Heute früh versuchten wir also zum viertenmal, das Leuchtfeuer von Moens Klint zu umschiffen. Und siehe, es gelang. Gelang, ohne dass der „Kasten zum Deubel ging". Merkwürdig nur, dieser ewige widrige Wind. Zwar sagen die Gefährten, das sei gerade sportlich interessant. Mag sein. Ich mit meinem einfachen Laienverstand sage mir aber: Erstens dauert's länger, weil man kreuzen muss. Zweitens ist's auf Deck ungemütlich, weil fortwährend Spritzer über den Bug kommen, und drittens ist's unten erst recht nicht auszuhalten. Das Boot liegt schief, und die Bewegungen des Fahrens machen sich hier am meisten bemerkbar. Wo sind die schönen Tage von Aranjuez, da wir im Cockpit hockten bei Sonne, steter prächtiger Brise und urfidelem Frühschoppen ? Stürmisch kalt, aufgeregte See, es ist eben ungemütlich. Heute also auch wieder starke, zum Teil böige Südwest-Winde, so dass ich es vorzog, den grössten Teil der Fahrt unten zuzubringen. Im Hafen von Gjedser, wo wir um 4 Uhr landeten, war's sehr ruhig. Ein wirklich wundervolles Gefühl, mal ohne Wackelei an Bord zu sein. Und Alfred meint: „Kinder, so ideal haben wir noch nie gelegen !" Ich muss aufhören. Die beiden Genossen, die oben sitzen und sich an den Reizen von Gjedser ergötzen, schreien nach Brot: „Paula, Paulinchen! Was machen denn die Kartoffeln ?"

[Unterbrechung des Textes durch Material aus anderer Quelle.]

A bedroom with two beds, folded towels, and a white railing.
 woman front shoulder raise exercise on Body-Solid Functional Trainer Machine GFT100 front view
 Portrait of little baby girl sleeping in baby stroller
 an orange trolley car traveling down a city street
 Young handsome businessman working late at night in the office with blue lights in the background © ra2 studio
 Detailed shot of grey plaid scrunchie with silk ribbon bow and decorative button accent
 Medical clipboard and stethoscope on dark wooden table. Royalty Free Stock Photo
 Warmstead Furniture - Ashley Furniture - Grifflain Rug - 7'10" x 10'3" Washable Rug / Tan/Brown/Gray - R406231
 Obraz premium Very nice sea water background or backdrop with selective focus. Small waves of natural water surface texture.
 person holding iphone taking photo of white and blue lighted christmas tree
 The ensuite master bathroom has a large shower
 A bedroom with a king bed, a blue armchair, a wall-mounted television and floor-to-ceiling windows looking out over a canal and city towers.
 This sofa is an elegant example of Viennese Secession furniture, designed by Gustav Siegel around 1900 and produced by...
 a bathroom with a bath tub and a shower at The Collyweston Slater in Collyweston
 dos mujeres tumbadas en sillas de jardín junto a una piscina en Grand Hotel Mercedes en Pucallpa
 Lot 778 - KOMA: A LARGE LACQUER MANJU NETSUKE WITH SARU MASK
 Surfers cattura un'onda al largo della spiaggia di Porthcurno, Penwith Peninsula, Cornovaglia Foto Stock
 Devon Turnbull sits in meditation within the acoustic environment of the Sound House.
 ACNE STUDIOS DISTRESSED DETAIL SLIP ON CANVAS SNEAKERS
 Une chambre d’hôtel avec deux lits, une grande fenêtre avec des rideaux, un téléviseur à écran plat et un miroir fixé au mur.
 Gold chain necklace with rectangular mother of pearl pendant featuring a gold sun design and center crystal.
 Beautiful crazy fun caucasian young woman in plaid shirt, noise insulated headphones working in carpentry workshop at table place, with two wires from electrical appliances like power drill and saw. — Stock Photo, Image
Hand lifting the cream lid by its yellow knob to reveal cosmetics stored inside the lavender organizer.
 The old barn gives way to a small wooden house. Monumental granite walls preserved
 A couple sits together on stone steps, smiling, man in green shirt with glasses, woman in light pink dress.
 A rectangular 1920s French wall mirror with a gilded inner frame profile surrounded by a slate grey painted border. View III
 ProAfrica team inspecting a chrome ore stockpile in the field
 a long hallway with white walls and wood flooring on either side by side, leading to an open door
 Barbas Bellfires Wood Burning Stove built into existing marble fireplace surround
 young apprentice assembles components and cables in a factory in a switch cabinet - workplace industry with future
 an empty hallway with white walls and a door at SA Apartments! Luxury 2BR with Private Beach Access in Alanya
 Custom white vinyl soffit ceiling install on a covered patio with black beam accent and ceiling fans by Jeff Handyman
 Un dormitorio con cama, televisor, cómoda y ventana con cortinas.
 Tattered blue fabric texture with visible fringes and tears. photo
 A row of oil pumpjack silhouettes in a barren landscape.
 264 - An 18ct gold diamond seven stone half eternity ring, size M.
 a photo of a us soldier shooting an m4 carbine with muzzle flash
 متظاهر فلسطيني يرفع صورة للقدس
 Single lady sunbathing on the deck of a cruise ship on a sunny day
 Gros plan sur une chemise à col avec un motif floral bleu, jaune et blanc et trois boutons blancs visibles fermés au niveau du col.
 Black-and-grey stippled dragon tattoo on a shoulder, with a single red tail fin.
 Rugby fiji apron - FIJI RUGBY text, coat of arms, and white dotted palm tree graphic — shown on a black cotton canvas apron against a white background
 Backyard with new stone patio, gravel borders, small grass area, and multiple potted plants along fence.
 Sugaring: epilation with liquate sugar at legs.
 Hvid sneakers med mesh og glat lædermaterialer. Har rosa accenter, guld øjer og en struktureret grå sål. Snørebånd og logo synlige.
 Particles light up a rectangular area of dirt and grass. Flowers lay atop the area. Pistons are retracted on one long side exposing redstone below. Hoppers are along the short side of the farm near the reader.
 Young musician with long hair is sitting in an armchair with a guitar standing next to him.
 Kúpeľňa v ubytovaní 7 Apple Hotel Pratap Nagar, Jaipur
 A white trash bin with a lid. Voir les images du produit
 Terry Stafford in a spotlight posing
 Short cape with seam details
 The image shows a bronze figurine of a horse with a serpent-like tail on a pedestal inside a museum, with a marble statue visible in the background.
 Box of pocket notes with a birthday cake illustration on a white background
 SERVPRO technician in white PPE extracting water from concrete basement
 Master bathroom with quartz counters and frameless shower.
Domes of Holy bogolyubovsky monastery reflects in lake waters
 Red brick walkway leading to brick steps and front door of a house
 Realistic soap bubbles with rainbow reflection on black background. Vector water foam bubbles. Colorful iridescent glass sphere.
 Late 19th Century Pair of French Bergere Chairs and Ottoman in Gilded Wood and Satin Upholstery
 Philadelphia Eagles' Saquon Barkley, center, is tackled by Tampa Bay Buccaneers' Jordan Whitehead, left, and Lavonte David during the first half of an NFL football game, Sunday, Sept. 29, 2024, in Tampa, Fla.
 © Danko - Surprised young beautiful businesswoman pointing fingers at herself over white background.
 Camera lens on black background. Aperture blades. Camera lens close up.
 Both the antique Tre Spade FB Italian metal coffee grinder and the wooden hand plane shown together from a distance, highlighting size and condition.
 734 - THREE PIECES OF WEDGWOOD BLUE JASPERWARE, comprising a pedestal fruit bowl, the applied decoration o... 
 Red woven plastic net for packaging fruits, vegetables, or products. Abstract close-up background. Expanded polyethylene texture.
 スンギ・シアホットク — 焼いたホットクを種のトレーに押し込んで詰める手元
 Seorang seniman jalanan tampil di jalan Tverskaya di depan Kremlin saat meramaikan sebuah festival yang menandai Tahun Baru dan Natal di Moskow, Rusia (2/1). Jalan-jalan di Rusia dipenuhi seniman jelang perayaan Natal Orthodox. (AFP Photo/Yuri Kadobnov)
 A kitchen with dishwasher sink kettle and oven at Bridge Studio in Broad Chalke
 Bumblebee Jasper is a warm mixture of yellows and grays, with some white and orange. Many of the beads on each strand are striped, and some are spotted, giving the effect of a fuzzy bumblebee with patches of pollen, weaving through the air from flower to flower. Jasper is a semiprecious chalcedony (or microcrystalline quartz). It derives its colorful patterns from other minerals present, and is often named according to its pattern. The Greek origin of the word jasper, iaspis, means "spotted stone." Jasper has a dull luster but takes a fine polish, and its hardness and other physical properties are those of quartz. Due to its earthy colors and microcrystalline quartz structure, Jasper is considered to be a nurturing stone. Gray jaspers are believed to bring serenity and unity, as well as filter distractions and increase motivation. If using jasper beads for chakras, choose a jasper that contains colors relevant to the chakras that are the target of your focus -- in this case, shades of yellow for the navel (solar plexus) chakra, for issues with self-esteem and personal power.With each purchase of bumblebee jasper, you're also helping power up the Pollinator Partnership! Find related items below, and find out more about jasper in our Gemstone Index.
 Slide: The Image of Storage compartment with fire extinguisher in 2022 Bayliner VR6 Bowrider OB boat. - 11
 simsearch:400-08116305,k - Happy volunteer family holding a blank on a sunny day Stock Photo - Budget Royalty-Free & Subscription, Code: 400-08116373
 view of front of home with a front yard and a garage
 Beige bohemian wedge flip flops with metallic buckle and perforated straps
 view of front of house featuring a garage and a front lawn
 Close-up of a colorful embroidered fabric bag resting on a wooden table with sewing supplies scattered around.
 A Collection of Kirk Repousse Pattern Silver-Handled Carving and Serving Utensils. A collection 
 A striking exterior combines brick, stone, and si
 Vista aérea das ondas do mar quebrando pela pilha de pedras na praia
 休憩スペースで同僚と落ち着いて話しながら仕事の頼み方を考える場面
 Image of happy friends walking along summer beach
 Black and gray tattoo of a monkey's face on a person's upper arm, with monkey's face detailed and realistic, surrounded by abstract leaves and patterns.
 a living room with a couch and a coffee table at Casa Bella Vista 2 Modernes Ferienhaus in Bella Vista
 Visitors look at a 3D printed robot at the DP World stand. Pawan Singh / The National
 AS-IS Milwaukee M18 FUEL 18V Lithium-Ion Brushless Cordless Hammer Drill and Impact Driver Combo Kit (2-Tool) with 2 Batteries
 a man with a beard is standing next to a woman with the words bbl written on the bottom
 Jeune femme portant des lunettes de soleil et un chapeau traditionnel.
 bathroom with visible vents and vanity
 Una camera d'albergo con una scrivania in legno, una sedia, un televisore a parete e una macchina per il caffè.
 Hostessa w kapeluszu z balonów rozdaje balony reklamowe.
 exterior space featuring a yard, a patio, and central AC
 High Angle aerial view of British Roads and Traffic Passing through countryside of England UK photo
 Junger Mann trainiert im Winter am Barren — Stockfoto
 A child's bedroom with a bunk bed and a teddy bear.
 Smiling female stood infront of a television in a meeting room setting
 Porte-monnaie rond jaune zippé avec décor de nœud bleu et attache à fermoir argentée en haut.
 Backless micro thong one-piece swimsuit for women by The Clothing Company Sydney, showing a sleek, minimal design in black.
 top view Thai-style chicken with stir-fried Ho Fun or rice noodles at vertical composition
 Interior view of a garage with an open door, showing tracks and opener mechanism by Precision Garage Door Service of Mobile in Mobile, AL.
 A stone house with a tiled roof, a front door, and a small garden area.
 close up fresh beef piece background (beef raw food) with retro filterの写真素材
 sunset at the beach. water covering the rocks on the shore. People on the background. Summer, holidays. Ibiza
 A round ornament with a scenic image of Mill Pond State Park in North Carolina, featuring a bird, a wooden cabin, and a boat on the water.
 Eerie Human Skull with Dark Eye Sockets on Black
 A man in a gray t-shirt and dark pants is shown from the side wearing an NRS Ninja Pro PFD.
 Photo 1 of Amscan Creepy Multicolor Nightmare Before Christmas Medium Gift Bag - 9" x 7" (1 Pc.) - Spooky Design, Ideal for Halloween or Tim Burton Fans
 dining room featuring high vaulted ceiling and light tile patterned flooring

Heute gibt's nämlich Kartoffeln, Speck und Zwiebel. Warum man mich jetzt Paula nennt? Nun, „ein jeder Jüngling hat einmal 'nen Hang zum Küchenpersonal", singt Wilhelm Busch. Und die zwei hungrigen Jünglinge da oben machen keine Ausnahme. „Auf der See wird man roh, aber schön", sagt Alfred. Aber offenbar bin ich mehr schön als roh geworden, denn sonst würde man in mir keine Mamsell sehen. Reizend, wie sie jetzt wieder süss flöten: „Paulinchen! Was machen denn die Kartoffeln ?" Ich versichere zum zweitenmal, daß ich sie doch nicht fertig pusten könne, höre aber nun wirklich auf, denn die Kartoffeln kochen. Dass die Einsamkeit des Bordlebens psychologisch ihre Spuren hinterlässt, ist erklärlich. Dass man aber nicht mehr weiss, ob man ein Männlein oder ein Fräulein ist, das ist eine Gemeinheit!


Der Heimat zu.

An Bord der Isolde, vor Warnemünde, 16. Juli 09. Das war noch eine schöne Nacht! Um halb zwölf Uhr erwache ich von einem furchtbaren Stoss. Ich springe auf, öffne die Luke und blicke hinaus. Der Hafen aufgeregt, der Anker vom Grund losgerissen und Isolde gegen das Bollwerk geschleudert. O Alfredo, du bester aller Kapitäne, du hast zu früh gejubelt über unseren idealen Platz. Alle Mann an Deck! Raus aus den Dunstkapseln! Alles zieht wenigstens eine Hose an und stürzt hinaus. Ein kräftiger Südwest umheult uns, schmatzend, klatschend schlagen schwarze Wellen an unser Schiff. Zunächst wird Isolde vom Bollwerk freigemacht, dann wird der Anker völlig gehoben, der Kaptein springt in das rollende, tanzende Beiboot, nimmt ihn hinein und fährt ihn wieder aus. Das ist bald geschehen. Der Anker klatscht in die Tiefe, Isolde wird am Tau verholt und liegt wieder vorschriftsmässig. Der Seegang lässt aber vermuten, dass er wieder aus-reisst. Alfred sagt daher, er wolle vorläufig oben bleiben, wir sollten nur wieder herunter zur Koje. Nachdem wir anstandshalber edelmütig versichert, dass das auf keinen Fall anginge, und der Kaptein behauptete, wir seien hier oben doch unnütz, krochen wir schmunzelnd ins warme Bett, was jedenfalls recht nützlich war. Kaum zehn Minuten vergehen, als Alfred wieder an der Luke erscheint: „Ja, Jungens, es wird immer toller draussen! Wir müssen Ankerwache halten. Jedesmal zwei Stunden. Wer will die erste Wache übernehmen ?" Diesmal verzichte ich auf jegliche edelmütige Regung und tue, als ob ich schlafe. Und wirklich kriecht Johannes aus seiner Koje. In zwei Stunden bin ich also dran. Hm. Ich schlafe ein. Im Halbschlummer höre ich oder meine wenigstens zu hören, wie die beiden oben heruntertrapsen. Aber niemand weckt mich. Schon ist's wieder hell. Und als ich völlig erwache, ist's 7 Uhr. Die Gefährten liegen in ihren Kojen. Und heute habe ich noch nicht gewagt, nach der „Ankerwache" zu fragen, um die ich mich so schnöde gedrückt. Das böse Gewissen ...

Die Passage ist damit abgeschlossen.